- **DATA TO PROCESS**
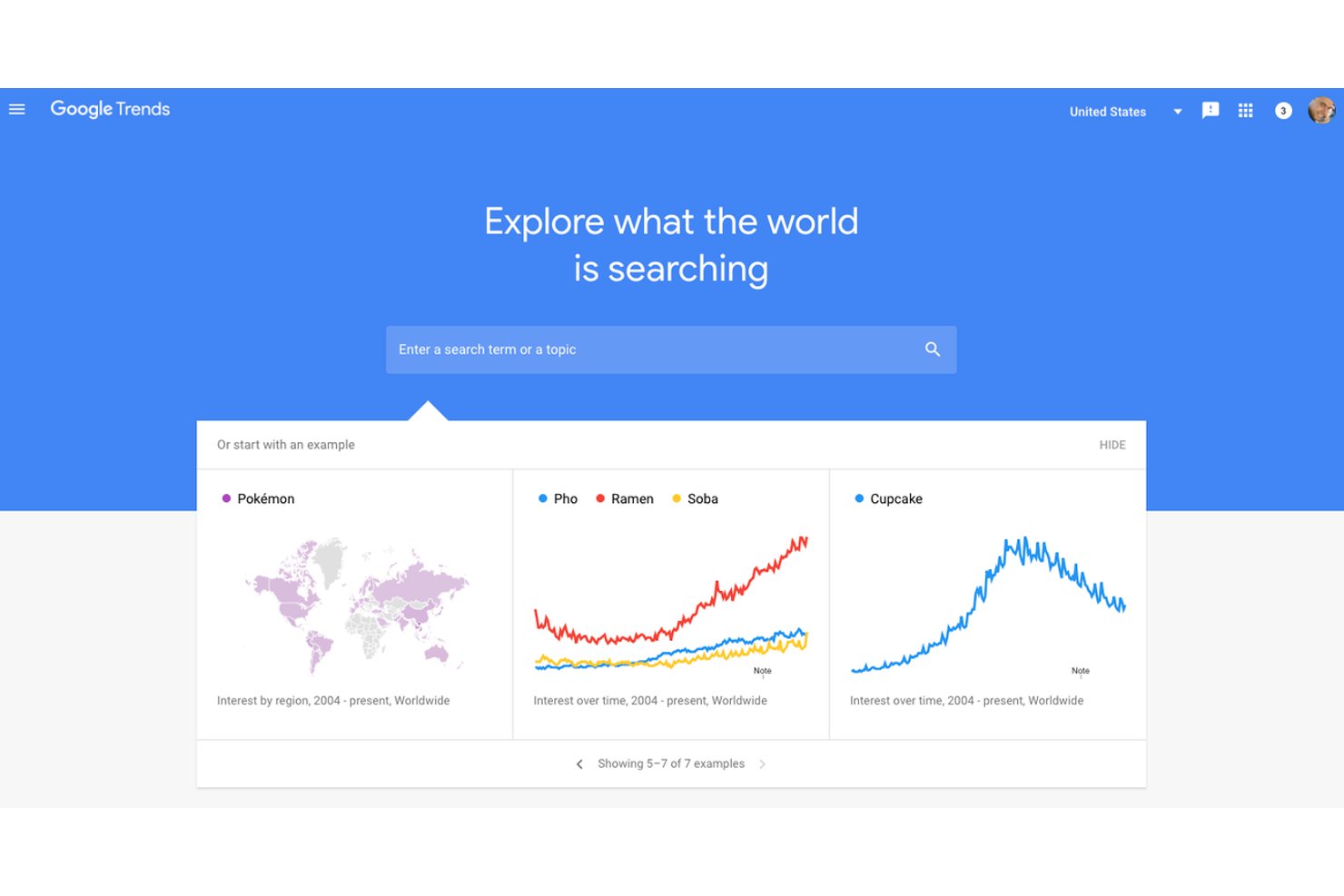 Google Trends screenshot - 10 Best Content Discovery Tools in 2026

==

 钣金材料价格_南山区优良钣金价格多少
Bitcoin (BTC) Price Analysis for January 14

- **WHAT YOU ARE ASKED TO DO**
Of the entries listed above, reproduce only the lines starting at the line containing "钣金材料价格_南山区优良钣金价格多少" and ending at the line containing "Bitcoin (BTC) Price Analysis for January 14". Include both, exactly as they stand.

- **REPLY**
 钣金材料价格_南山区优良钣金价格多少
Bitcoin (BTC) Price Analysis for January 14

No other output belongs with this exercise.